Dataset entries:
---------------

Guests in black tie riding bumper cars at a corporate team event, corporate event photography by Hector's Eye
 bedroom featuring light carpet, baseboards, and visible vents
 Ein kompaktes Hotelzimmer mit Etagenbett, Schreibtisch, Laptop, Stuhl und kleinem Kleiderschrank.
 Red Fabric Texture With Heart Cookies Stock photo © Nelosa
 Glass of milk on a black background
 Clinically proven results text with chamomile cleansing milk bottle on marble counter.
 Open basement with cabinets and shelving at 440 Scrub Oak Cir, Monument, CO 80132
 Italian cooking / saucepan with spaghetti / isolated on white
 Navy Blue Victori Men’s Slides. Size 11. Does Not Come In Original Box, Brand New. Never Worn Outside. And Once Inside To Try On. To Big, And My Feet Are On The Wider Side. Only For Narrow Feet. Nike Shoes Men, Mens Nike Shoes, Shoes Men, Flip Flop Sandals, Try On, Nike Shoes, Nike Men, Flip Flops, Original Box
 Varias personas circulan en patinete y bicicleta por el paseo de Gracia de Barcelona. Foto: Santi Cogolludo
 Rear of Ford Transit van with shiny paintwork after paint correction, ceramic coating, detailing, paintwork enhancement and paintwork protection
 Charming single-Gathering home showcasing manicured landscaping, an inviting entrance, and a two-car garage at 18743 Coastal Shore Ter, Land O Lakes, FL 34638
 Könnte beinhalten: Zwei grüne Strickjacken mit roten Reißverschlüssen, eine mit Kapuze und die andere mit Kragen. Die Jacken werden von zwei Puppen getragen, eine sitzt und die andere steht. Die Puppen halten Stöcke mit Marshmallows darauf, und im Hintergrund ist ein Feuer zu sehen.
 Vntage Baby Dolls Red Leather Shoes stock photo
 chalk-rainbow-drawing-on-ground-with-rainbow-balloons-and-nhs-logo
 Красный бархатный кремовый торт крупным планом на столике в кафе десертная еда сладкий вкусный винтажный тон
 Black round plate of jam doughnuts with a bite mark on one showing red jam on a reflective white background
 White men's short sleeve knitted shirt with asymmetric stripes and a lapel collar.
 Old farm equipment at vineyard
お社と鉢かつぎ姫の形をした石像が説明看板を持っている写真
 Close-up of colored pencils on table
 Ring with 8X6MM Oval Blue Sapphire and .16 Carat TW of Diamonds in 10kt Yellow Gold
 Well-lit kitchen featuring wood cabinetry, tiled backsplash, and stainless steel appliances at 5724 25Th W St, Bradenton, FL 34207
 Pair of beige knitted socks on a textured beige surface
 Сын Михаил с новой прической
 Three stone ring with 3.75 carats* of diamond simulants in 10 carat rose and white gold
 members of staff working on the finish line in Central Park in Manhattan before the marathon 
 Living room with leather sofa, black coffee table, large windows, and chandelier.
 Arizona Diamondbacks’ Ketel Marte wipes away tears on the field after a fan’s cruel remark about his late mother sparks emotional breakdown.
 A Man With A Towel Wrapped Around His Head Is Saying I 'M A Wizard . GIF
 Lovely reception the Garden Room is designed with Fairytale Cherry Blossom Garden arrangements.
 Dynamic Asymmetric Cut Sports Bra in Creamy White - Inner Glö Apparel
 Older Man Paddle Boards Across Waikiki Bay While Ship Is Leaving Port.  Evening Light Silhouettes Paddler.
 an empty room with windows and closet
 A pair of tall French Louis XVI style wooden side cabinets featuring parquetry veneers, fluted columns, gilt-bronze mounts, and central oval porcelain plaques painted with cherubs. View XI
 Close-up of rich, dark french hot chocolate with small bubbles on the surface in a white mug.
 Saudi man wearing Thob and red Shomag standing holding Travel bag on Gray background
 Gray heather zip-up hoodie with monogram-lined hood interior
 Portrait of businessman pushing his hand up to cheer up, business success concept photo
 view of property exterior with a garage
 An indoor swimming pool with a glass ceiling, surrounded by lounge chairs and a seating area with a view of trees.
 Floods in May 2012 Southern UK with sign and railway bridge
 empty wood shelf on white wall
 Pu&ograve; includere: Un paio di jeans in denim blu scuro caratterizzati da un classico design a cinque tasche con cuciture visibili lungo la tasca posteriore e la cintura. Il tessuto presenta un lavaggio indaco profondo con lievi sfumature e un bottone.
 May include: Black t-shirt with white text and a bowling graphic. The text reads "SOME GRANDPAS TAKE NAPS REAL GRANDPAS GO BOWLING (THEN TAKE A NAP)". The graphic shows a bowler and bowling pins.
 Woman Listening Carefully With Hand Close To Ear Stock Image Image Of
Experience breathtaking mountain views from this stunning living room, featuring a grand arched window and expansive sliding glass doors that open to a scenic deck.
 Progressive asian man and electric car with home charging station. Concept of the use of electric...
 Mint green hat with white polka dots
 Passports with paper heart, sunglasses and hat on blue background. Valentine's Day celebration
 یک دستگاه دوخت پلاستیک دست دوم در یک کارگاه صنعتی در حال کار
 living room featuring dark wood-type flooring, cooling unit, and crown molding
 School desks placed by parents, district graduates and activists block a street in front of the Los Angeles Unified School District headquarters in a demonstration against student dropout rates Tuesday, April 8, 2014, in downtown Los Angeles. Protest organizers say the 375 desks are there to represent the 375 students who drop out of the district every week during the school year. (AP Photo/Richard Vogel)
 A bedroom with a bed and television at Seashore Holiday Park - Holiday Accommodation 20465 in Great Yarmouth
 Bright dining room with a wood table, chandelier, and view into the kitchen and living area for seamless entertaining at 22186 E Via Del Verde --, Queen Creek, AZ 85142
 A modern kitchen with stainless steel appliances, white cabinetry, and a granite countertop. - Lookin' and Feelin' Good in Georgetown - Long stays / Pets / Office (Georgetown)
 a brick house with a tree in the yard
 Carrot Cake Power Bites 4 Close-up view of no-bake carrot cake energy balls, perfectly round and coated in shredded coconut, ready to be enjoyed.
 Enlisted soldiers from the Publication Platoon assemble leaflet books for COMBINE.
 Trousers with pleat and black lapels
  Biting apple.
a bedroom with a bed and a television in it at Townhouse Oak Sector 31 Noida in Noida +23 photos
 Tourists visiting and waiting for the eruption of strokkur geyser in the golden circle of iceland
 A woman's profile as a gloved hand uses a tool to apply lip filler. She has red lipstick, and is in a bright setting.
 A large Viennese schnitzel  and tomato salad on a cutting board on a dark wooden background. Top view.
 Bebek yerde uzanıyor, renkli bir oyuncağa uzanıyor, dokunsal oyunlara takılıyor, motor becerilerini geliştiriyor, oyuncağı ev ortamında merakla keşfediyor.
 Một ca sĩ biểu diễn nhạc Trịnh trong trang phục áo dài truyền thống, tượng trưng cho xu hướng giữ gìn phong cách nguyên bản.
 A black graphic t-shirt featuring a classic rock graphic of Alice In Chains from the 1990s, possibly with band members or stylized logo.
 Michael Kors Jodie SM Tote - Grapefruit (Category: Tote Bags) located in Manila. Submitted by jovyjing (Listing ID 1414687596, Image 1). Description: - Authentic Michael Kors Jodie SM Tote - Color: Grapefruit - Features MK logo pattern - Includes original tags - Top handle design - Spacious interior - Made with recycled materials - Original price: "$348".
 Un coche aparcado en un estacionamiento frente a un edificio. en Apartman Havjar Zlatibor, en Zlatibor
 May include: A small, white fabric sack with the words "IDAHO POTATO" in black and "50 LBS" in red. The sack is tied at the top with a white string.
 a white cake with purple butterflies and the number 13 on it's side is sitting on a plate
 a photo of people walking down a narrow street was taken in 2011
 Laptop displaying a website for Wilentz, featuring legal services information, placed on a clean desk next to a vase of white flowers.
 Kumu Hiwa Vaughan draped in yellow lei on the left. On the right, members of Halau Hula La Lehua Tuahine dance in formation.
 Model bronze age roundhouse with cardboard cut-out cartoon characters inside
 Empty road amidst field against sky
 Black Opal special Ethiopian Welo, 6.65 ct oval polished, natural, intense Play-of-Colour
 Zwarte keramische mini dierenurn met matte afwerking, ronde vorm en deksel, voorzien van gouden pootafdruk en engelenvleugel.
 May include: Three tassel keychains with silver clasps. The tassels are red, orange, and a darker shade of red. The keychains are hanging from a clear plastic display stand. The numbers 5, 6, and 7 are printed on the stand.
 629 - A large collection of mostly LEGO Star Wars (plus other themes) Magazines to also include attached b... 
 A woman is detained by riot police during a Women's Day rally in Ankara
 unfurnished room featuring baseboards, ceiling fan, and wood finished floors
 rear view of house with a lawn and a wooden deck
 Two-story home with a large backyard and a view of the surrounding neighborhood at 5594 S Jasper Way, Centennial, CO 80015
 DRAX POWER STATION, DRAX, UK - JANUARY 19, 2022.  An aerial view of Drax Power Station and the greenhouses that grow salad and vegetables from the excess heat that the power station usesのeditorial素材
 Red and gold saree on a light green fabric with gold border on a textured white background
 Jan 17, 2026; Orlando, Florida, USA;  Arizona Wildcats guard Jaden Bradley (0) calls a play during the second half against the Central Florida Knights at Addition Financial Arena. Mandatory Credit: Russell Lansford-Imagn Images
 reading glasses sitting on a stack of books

---------------

Task to carry out:
Read through the records above and copy the lines that contain "background".

Your solution:
 Glass of milk on a black background
 Black round plate of jam doughnuts with a bite mark on one showing red jam on a reflective white background
 Saudi man wearing Thob and red Shomag standing holding Travel bag on Gray background
 Passports with paper heart, sunglasses and hat on blue background. Valentine's Day celebration
 A large Viennese schnitzel  and tomato salad on a cutting board on a dark wooden background. Top view.
 Red and gold saree on a light green fabric with gold border on a textured white background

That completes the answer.